I sneer and my voice grinds, beyond my control. "But you know what was really nice, Kakashi?"

Seeing as I'm obviously waiting for him to reply, he shakes his head mutely, eyes wide. his mounting shame strain against my empathic fibre. It sounds like chalk ripping against a blackboard.

"These are one time outliners. I especially loved the routine. The everyday condescension, the constant dismissal, the clear disdain for my potential. I understood nothing about your teaching methods so obviously, it meant I was a lost cause and in turn, you didn't have to bother with my requests. You didn't have to bother with me. Why would you ever teach the less capable orphan a cool jutsu when he'd naturally not get it, am I right? He'd only ever be good for the basics. You have no idea how I fucking hate that word." I frown and take a deep breath in an effort to appease the white-hot fury boiling in my chest.

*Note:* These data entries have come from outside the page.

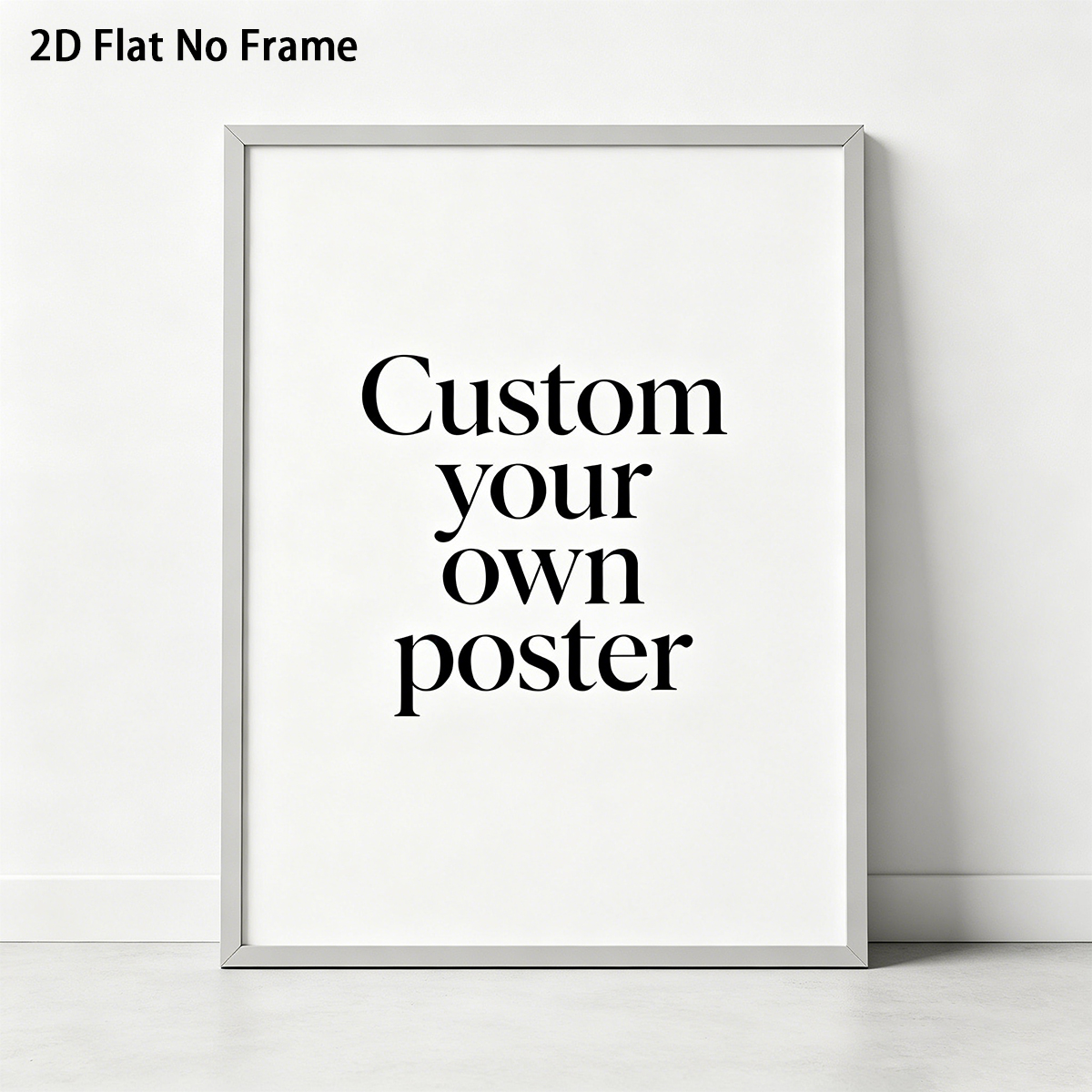 Custom Canvas Prints Photo Wal - Anime Poster Print review and price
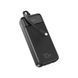 Універсальна мобільна батарея XO PR275 20000mAh 22.5W Black 557907 фото 2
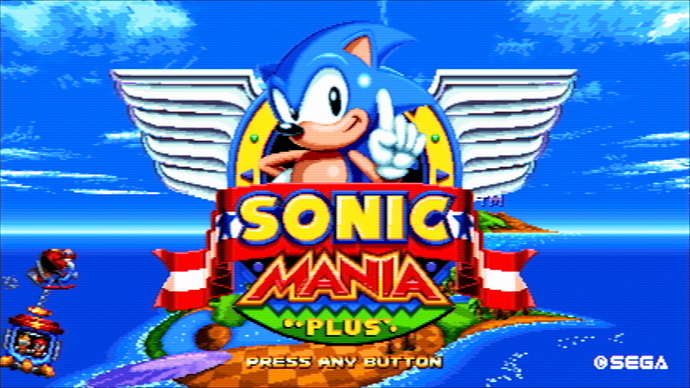 SonicMania 2026-06-07 21-00-40_484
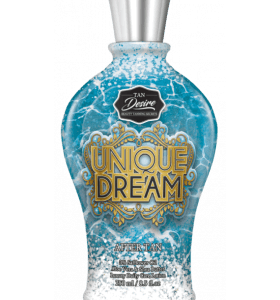 Unique Dream 250ml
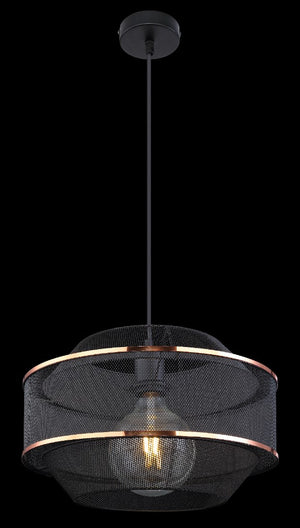 Lustra BELLONA 54020H1 Lucente - Home & Lighting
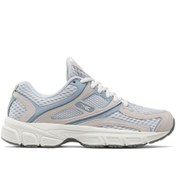 Resim Reebok Rbk Premıer Trınıty Gri Kadın Sneaker 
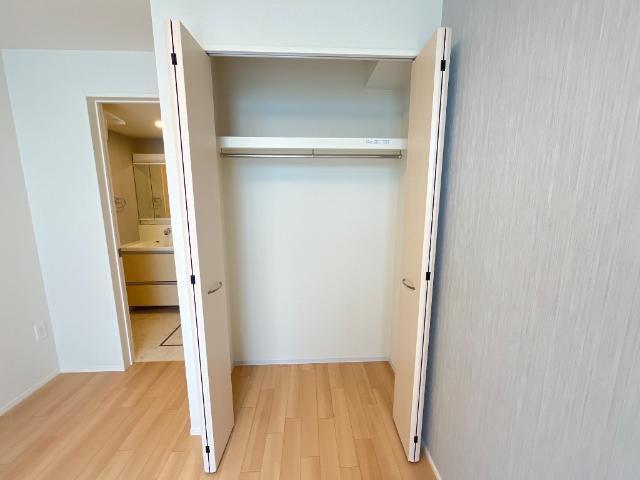 小田原１丁目新築アパート 部屋画像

"No matter that he wanted to impress you and his teammates and hoped to help keep his team safe," I mumble.

His voice comes out raspy, shaking. "I-I never meant-"

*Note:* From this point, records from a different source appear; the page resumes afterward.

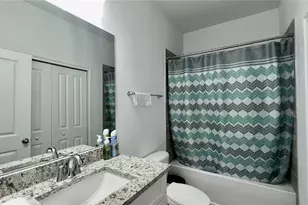 1636 Cumin Dr, Kissimmee, FL 34759 - Photo 11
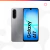 SAMSUNG A17 8-256GB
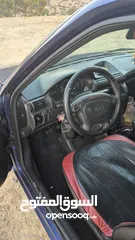  3 اوبل استرا حبة بلادها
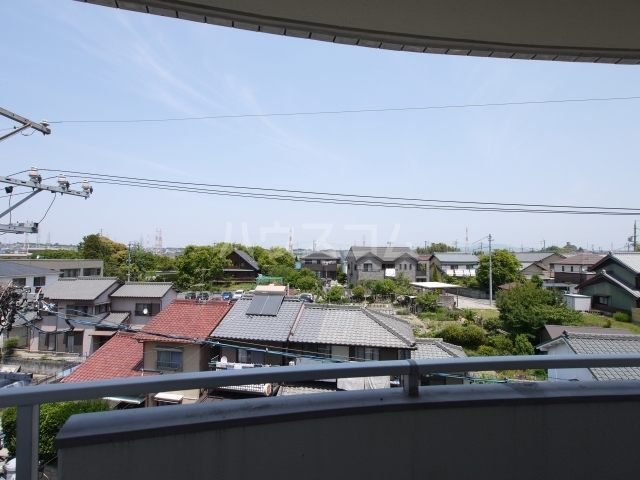 20/27 その他画像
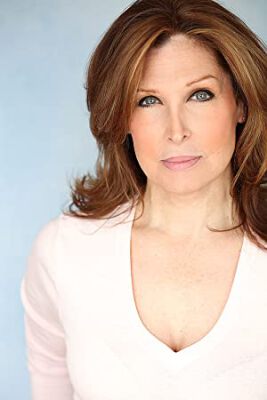 Official profile picture of Bianca Leigh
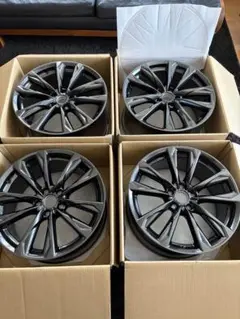 2026年最新】lexus 純正 19インチの人気アイテム - メルカリ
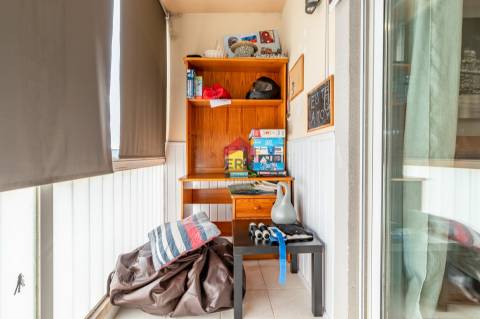 Apartamento T3 Venda em Olhão,Olhão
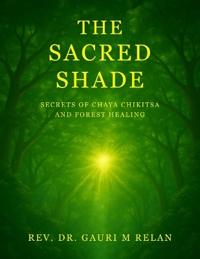 The Sacred Shade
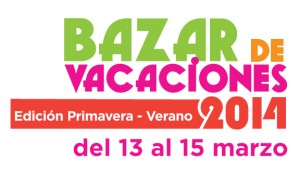 Logo-Bazar 2014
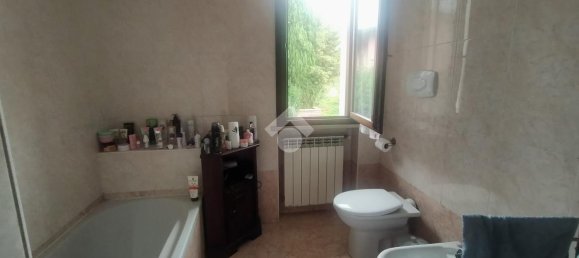 Квартира с 3 комнатами в Мильцано, Италия № 128494 10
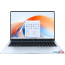 Ноутбук HONOR MagicBook X16 Plus 2025 BRB-X 5301ALYK в Могилёве фото 4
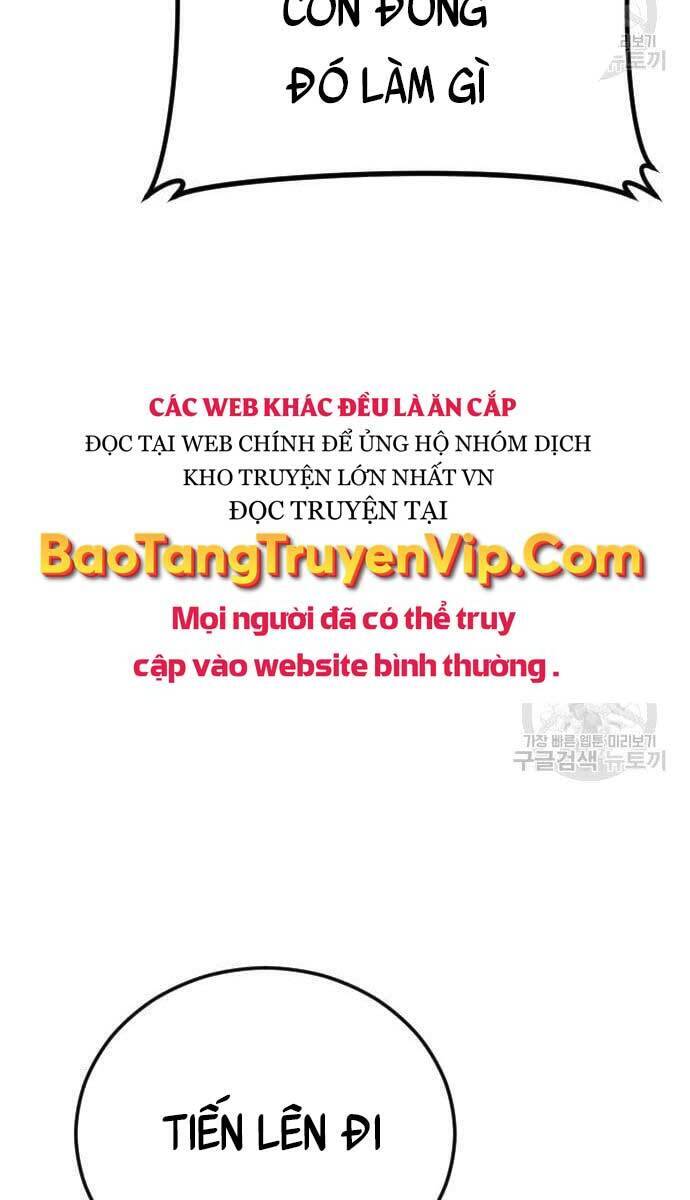 Bố Tôi Là Đặc Vụ Chương 63 Page 90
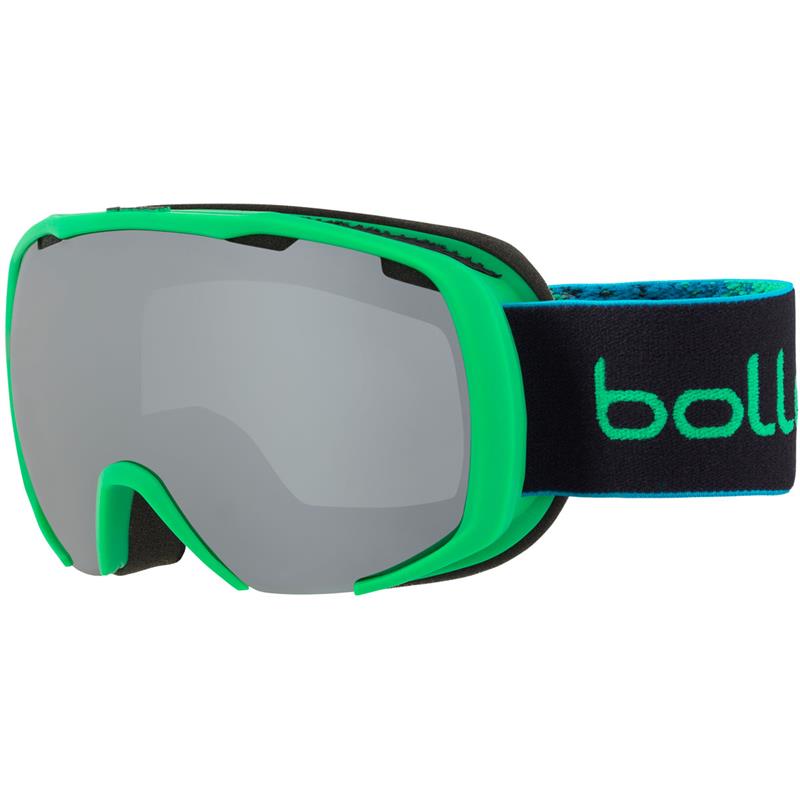Bolle Royal Kids Ski and Snowboard Goggles-4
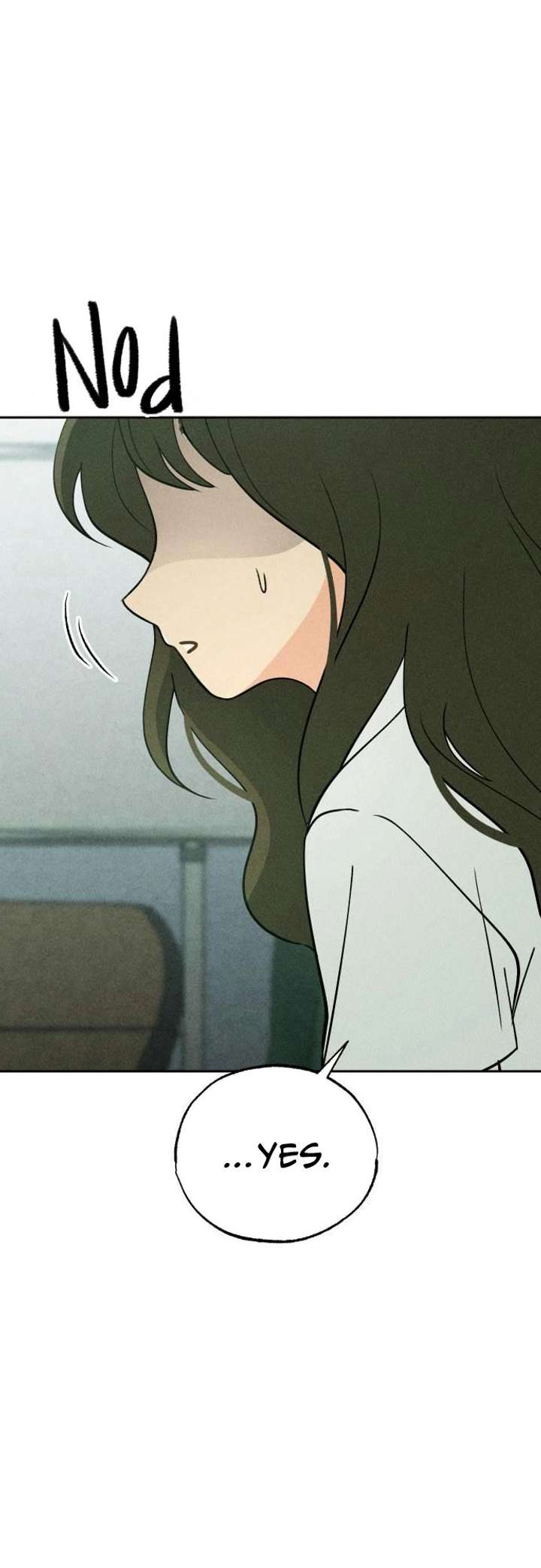 Classmate – Manhwa Chapter 22 - Page 32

"Yeah, Kakashi?" I bark a short laugh. It's mirthless. "You never meant? Of course, you never did! Well, you know what? It only makes it worse. Couldn't be arsed to deal with me. What is it, Kakashi? Do I open old wounds? Do I look too much like Namikaze? You didn't have the courage to really take me in and you didn't have the courage to let me go. Your negligence could have gotten me killed several times, given our mission history. What was it? You were counting on Kurama to patch all my booboos? Is that it?"

"No!"

"See, that's the danger of waiting for supposed comrades to look underneath the underneath. They just might frame and interpret your intentions in a way you never meant them. And when you finally come clean, it's too little too late because now the atmosphere is weighty with suspicion. Now the other party won't ever not wonder what you truly have in mind even when you're honest!"

Kakashi takes a step back and I realize I'm flaring my chakra. My power overwhelms the jounin. My emotions spill and slam against his and swallow them like a Mother Wave. My hand is balled into a fist. I unclench it.

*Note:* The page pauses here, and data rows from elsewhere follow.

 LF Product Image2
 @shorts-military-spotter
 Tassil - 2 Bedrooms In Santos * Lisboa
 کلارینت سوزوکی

"Breath," says Kurama soothingly. "Exert control. Do not hurt him in your anger. You'd regret it."

I follow my friend's advice.

"Naruto." Kakashi sounds so very sorry. Like porcelain shattering. I feel it, I feel him in all his putrescent sorrow and shame and guilt. His sentiments lash out, almost as dangerously sharp as Tomiko's. But I'm armoured against such things; I'm a sun bearing down on a mere planet.

"I don't hold grudges, Kakashi. I don't know what to do with them. You're forgiven. All the negative things I feel towards you, I now let them go. Which doesn't leave me with that much positivity to remember you by. You will seek me out if you wish to remediate that. You couldn't be my brother, you didn't want me as your student, you'll decide if being friends interests you. You will get out of your comfort zone. Or you won't."

I exhale. "Just remember, I won't beg."

Energy erupts around me and washes over my very being before it carries me away, faster than Kakashi could ever hope to follow much less match.


AN: After reviews telling me I should have shown the confrontation between Naruto and Kakashi, I decided to publish it, after a quick rework. Rightly, the reviewers pointed out that chapter 4 is a lot of "telling" instead of "showing". It was kind of intended. I wrote the confrontation between Naruto and Kakashi and removed it from the final version for a summary of their encounter because I feared Naruto would come off as "whiny". The scene merely needed to be modified a bit.

I'll eventually merge chapters 4 and 4.5 together.